Well Kathryn came into town this past weekend and we made some awesome mustachio pistachio shortbread. Well that and we went and had some alligator fritters and delicious beignet pancakes Saturday. Yes, you read that right AND they were served with chocolate sauce, the pancakes that is. But hey went for a run and then ate healthy for dinner, making up some delicious kale pesto (recipe from Shutterbean) served over pasta and roasted vegetables. Then we went out had a few drinks and took in the great view from the top of the W at POV. It was a great weekend; a perfect weekend when I knew this week would be crazy.

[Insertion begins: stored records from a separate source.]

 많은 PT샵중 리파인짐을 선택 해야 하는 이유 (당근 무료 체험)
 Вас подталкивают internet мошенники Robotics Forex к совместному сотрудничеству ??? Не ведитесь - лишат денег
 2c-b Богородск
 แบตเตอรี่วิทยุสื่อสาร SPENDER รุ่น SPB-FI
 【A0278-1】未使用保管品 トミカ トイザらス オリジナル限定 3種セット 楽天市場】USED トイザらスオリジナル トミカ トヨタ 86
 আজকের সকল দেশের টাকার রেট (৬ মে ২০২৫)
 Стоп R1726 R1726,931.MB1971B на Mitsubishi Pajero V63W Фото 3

The birthday girl made the request easy this time, just something chocolaty. Well it just so happened I was reading a book Kathryn gave me, by a North Carolina author and in it one of the main characters made a Milky Way Cake. I of course thought, WHAT is a Milky Way cake...Google! Up popped a few recipe and I knew I had to try it and Krista's birthday gave me just the excuse.
So, I got up Monday morning and whisked together these cupcakes, and frosted them when I got home Monday night. Warning these cupcakes are incredibly dense, but them simply melt in your mouth and the frosting is rich and thick. These smell amazing! So if you are looking for a melt in your mouth, rich and delicious cupcake, give them a try. Warning 2: They are not at all healthy, but sometimes we all deserve a little treat. Enjoy!
The Milky Way bars...all 8 of them.
Time for scooping...
These will not puff like normal cupcakes...they are seriously dense and rich and not for the faint of heart.
This is fluff and it just looked awesome. I think small children would enjoy being able to stick there hands in this and play.
Milky Way Cupcakes: (recipe adapted from Christine's Kitchen Chronicles)
*makes approximately 3 dozen cupcakes
8 Milky Way bars
1 1/2 cups (3 sticks) unsalted butter, 2 sticks at room temperature
1 cup sugar
4 eggs at room temperature
2 1/2 cups all-purpose flour
1/4 teaspoon baking soda
1 1/4 cups low-fat buttermilk
1 cups chopped pecans, toasted
1 teaspoon vanilla extract
1. Preheat oven to 350 degrees F. Line two muffin tins with paper liners and spray with non-stick cooking spray.
2. In a medium sized sauce pan, melt the Milky Way bars and one stick butter, set aside to cool.
3. In a large mixing bowl, cream together remaining two sticks of softened butter with the granulated sugar. Whisk in the eggs one at a time, until well combined. Whisk in the melted Milky Bars until well combined, set aside.
4. In a medium sized mixing bowl, sift together flour, baking soda and salt. In a wet measuring cup, combine buttermilk and vanilla extract.
5. Add the flour mixture and buttermilk to the sugar mixture, alternating between flour and buttermilk, mixing between the addition of each. Begin and end with flour. Using a table spoon or cookie scoop, pour/scoop batter into prepared liners until 2/3 full.
6. Bake for 16-18 minutes or until toothpick comes out clean. Let cool in muffin pan for 3-
5 minutes, then remove to cooling rack.
2 1/2 cups sugar
1 cup evaporated milk
1 cup marshmallow fluff
1/2 cup (1 stick) unsalted butter
1/2 bag (6 oz) semi-sweet chocolate chips
1. Combine the sugar and evaporated milk in a heavy saucepan. Cook to the soft-ball stage(234 degrees on a candy thermometer...this will take a while).
2. Remove pan from heat and whisk in the marshmallow fluff, butter and chocolate chips, stirring until melted.
3. Carefully frost the cupcakes while the frosting is still warm. It will harden as it cools. Enjoy!